- **What is required**: Exercise in exact copying: restate word for word only the lines below from the one containing "A New Day Black" through the one containing "Wood Mushroom Table and Stools", omitting any pictures.

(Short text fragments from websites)
· · · ·
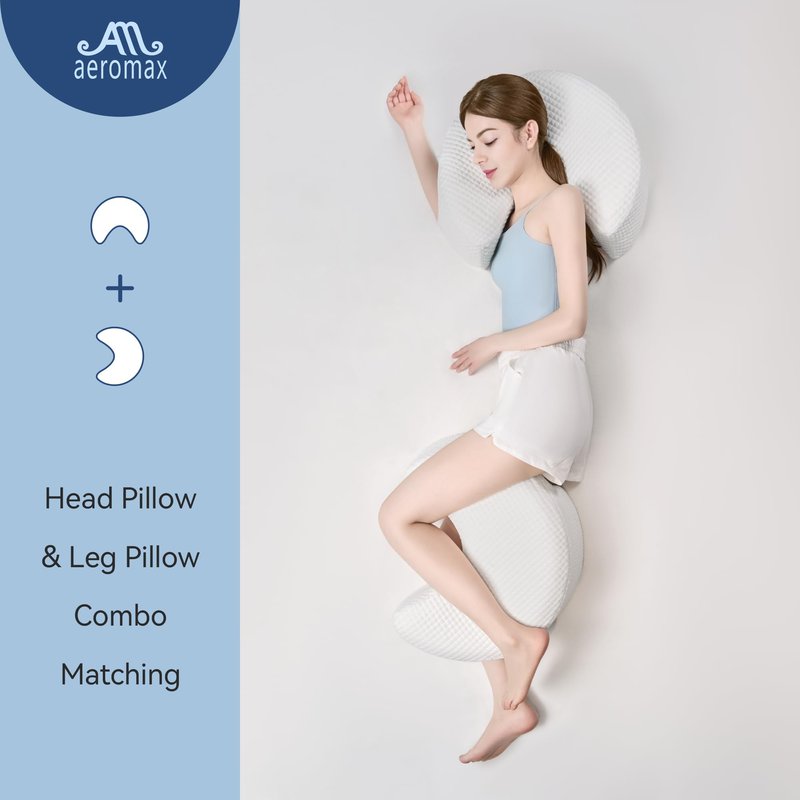 AM AEROMAX Side Sleeping Pillow with Arm Holes - Breathable Memory Foam Pillow for Shoulder & Rotator Cuff Pressure Relief - Ideal for Side Sleepers Who Prefer a Cozy,Body-Hugging Feel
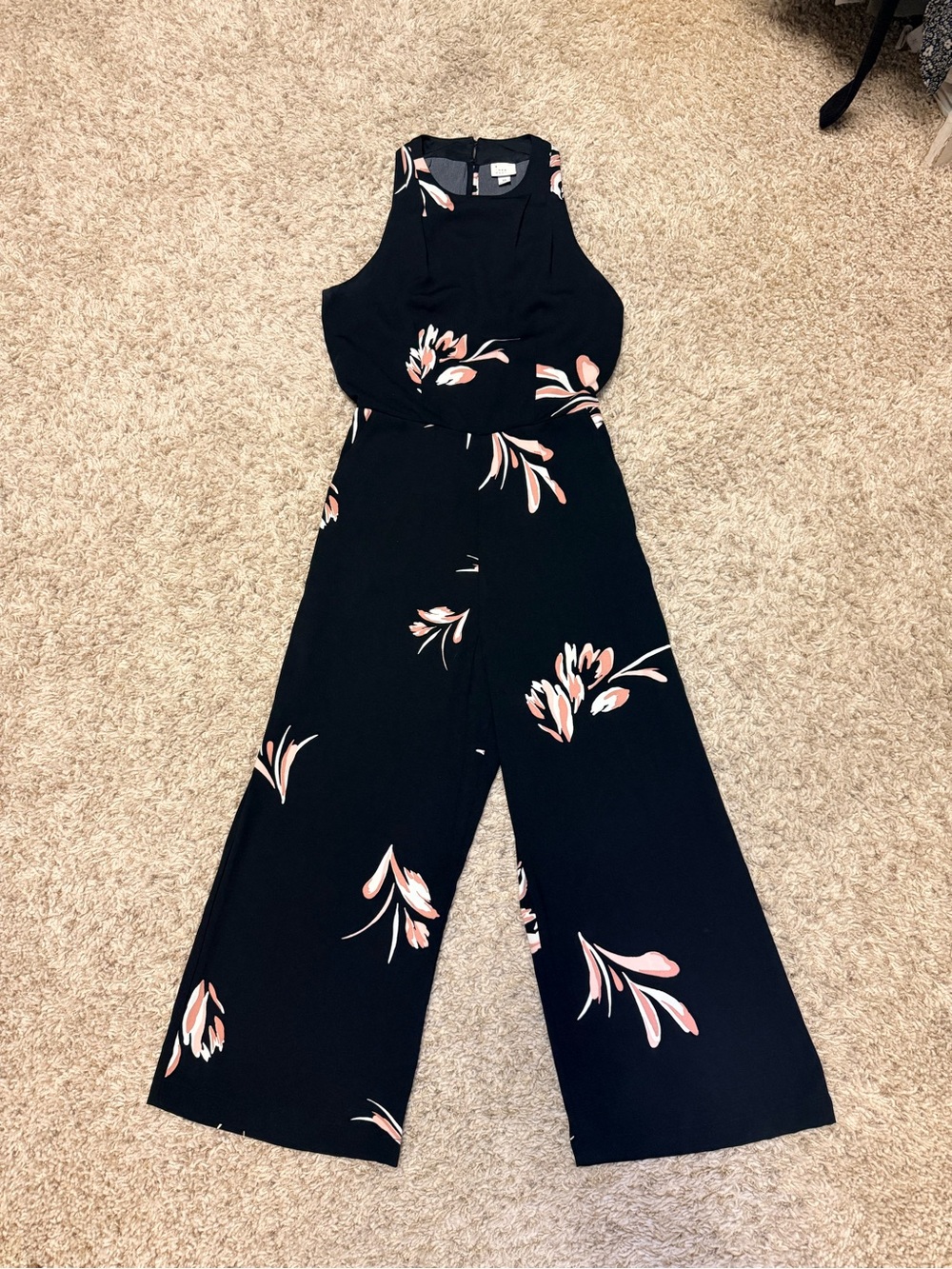 A New Day Black Floral Wide-Leg Sleeveless Jumpsuit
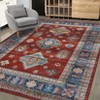 Washable Vintage Rug Non Slip Low Pile Rug Soft Throw Floor Cover Foldable Indoor Carpet for Living Room Bedroom Office - 3 of 4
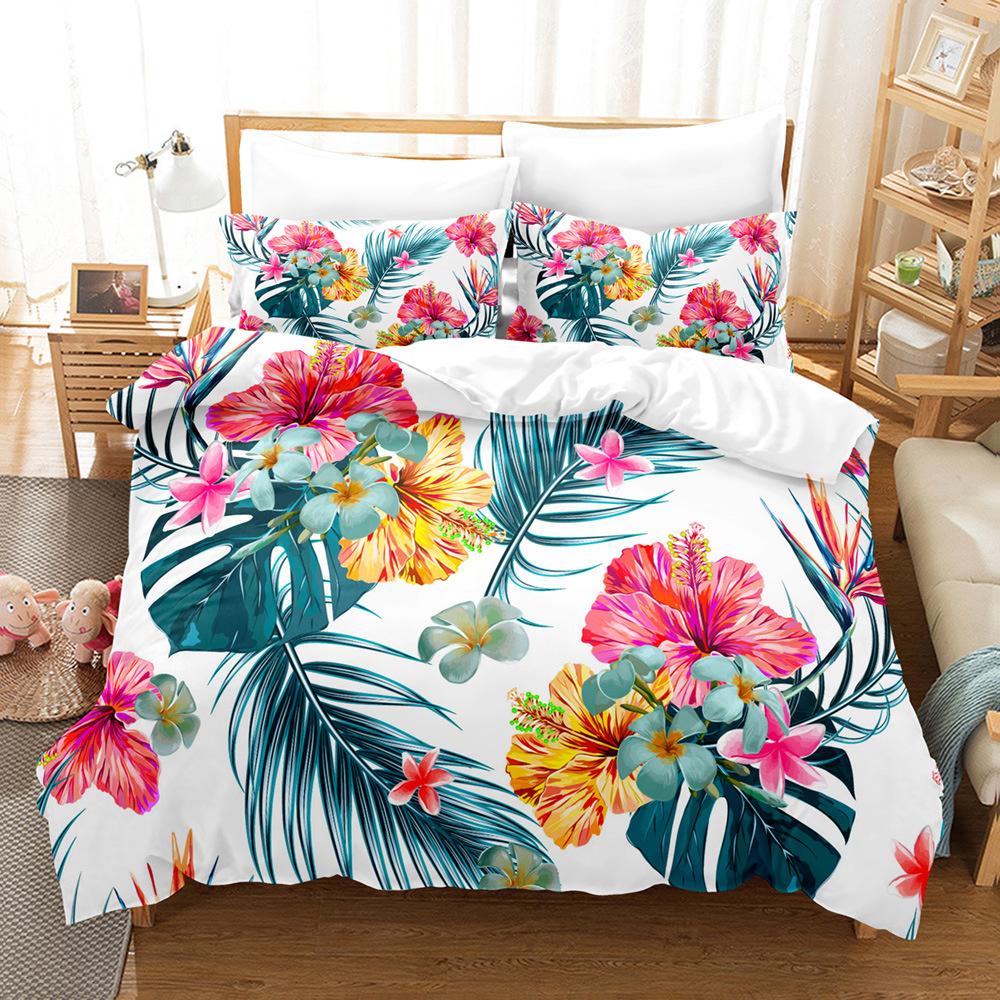 Pink Flamingo Duvet Cover Set Green Leaves Floral Animal Print Bedding Sets For Kids Girls Tropical Pattern Design Bedroom Decor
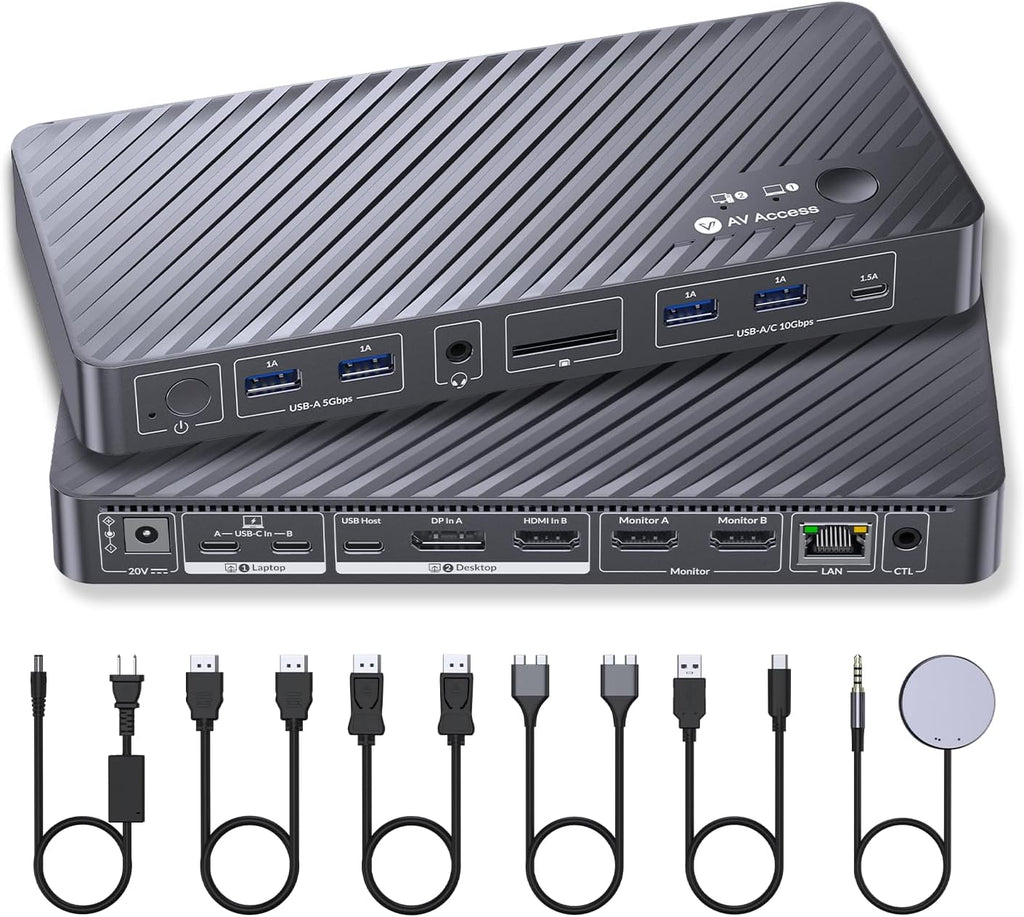 AV Access KVM Switch Docking Station for MacBook Desktop PC, USB C KVM Switch 2 Monitors 2 Computers, 4K Dual HDMI Displays, Plug&Play, Ethernet, 100W Power Delivery, EDID Emulation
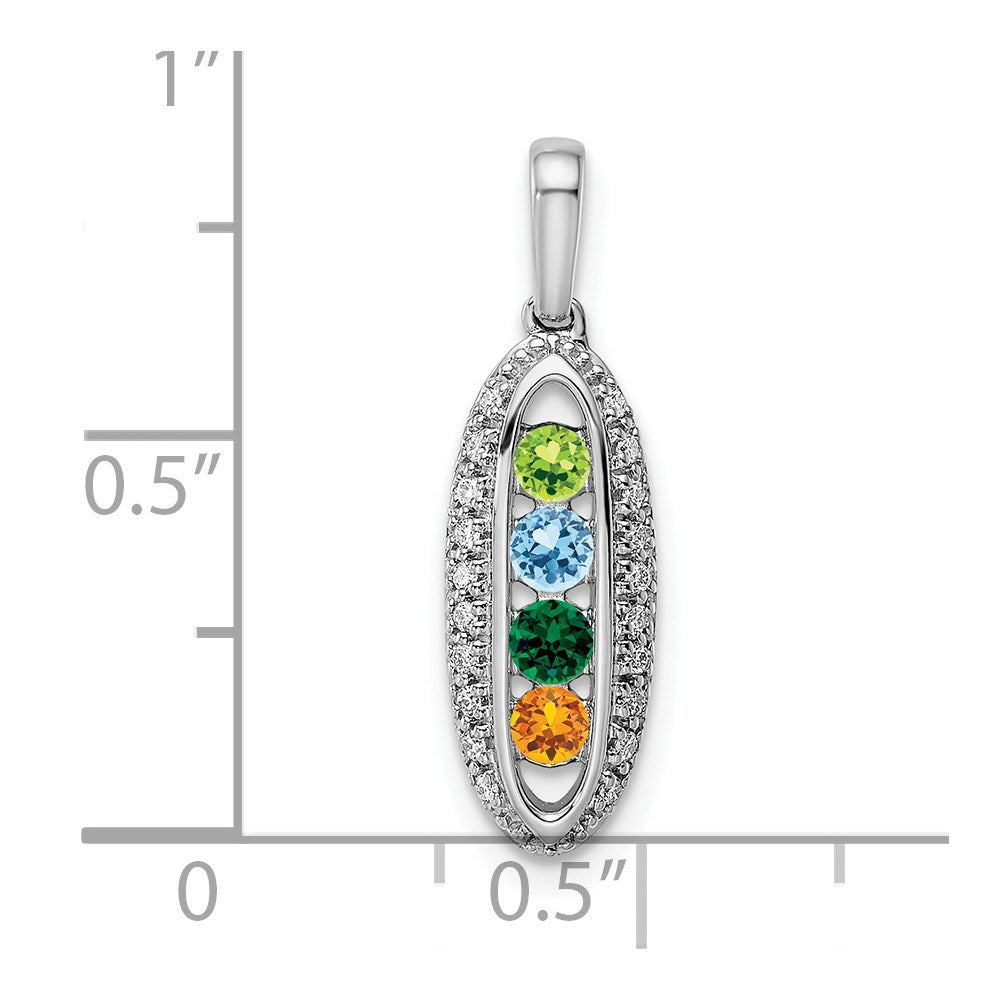 14K White Gold Family Jewelry Synthetic Stone & Diamond Set Pendant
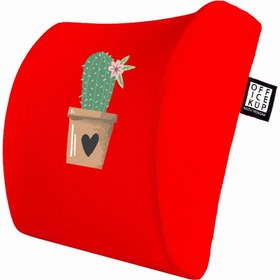 Resim AVANTAJLI 4'LÜ OFİS SETİ: Visco Bel Destek Yastığı & Oturma Minderi & Mousepad & Kupa - Cactus Kırmızı - HAYIR 
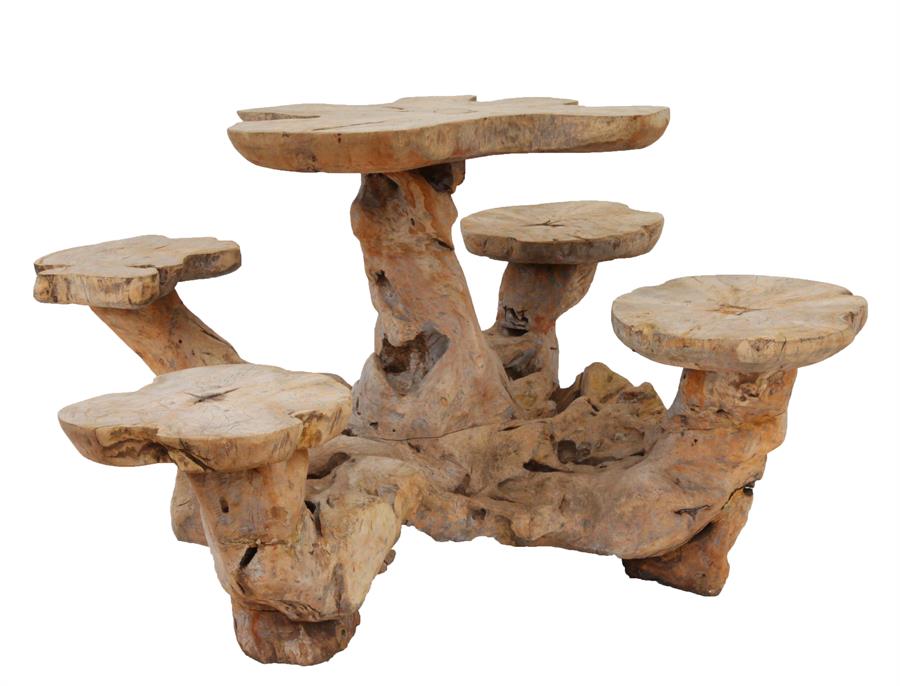 Wood Mushroom Table and Stools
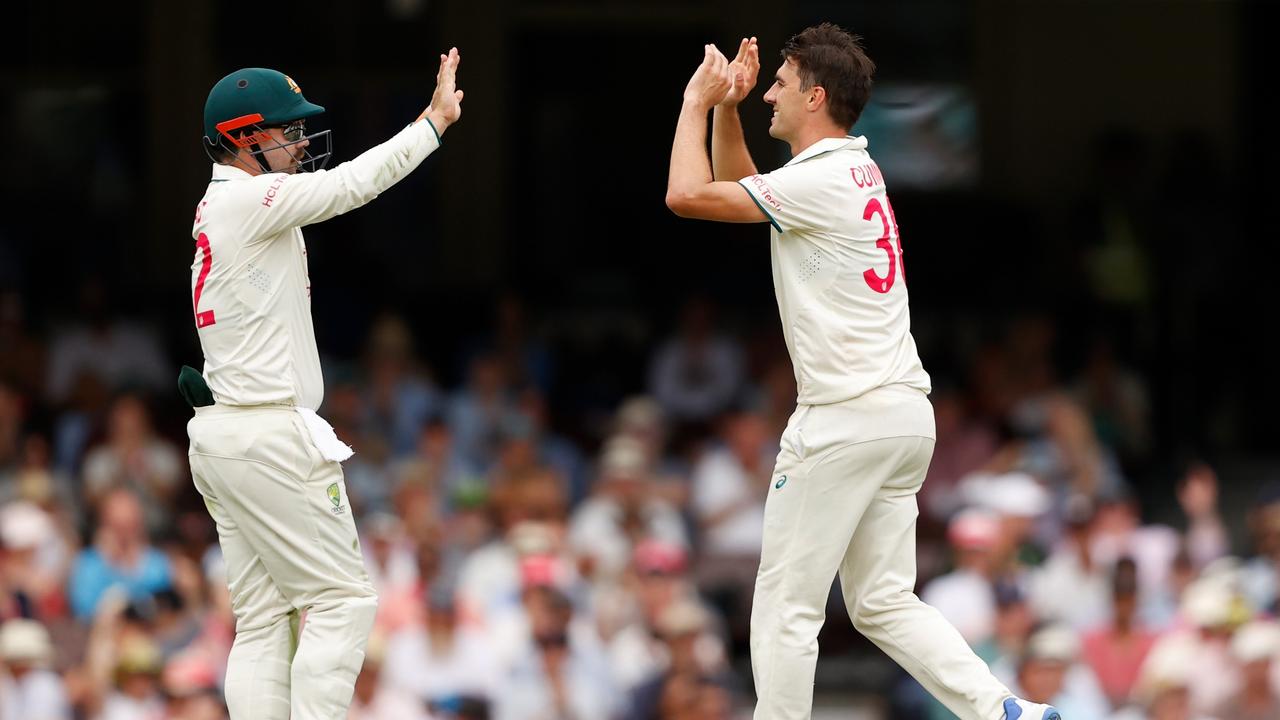 Pat Cummins celebrates the wicket of Sajid Khan. Picture: Getty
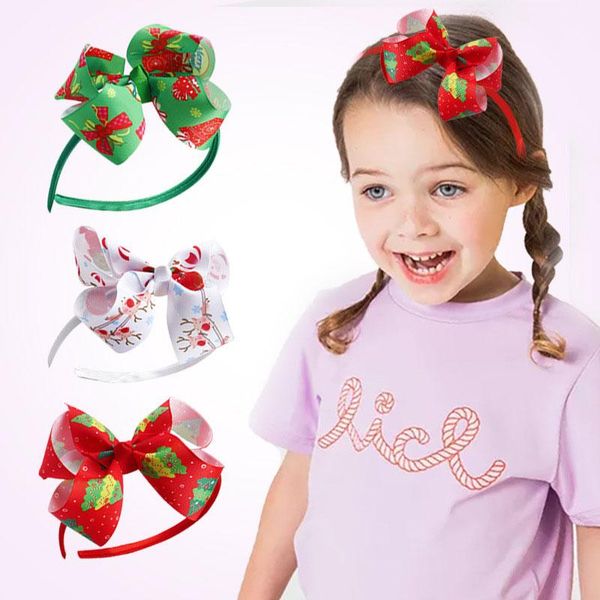 

hair accessories bow hairband for girls handmade printing ribbon headbands with satin hoops kids' daily life headwear christmas, Slivery;white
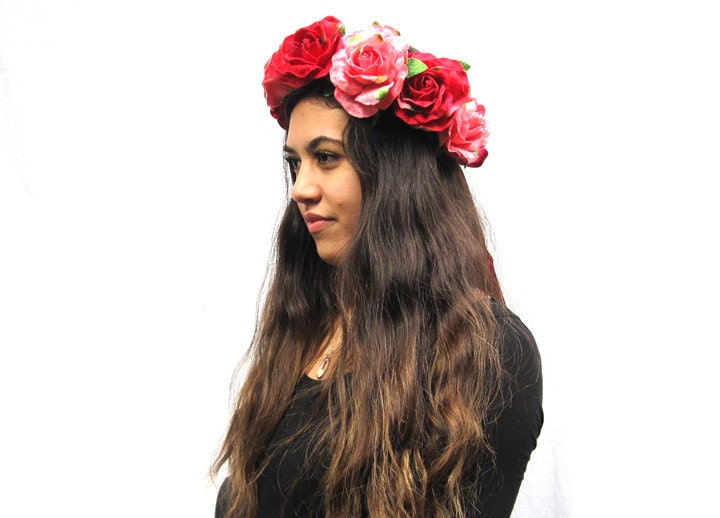 Rose Flower Crown - Raspberry Pink and Red, Velvet Rose Flower Crown. Spring Accessory, Frida Kahlo, Lana Del Ray, High Fashion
· · · ·
- **Answer box**:
 A New Day Black Floral Wide-Leg Sleeveless Jumpsuit
 Washable Vintage Rug Non Slip Low Pile Rug Soft Throw Floor Cover Foldable Indoor Carpet for Living Room Bedroom Office - 3 of 4
 Pink Flamingo Duvet Cover Set Green Leaves Floral Animal Print Bedding Sets For Kids Girls Tropical Pattern Design Bedroom Decor
 AV Access KVM Switch Docking Station for MacBook Desktop PC, USB C KVM Switch 2 Monitors 2 Computers, 4K Dual HDMI Displays, Plug&Play, Ethernet, 100W Power Delivery, EDID Emulation
 14K White Gold Family Jewelry Synthetic Stone & Diamond Set Pendant
 Resim AVANTAJLI 4'LÜ OFİS SETİ: Visco Bel Destek Yastığı & Oturma Minderi & Mousepad & Kupa - Cactus Kırmızı - HAYIR 
 Wood Mushroom Table and Stools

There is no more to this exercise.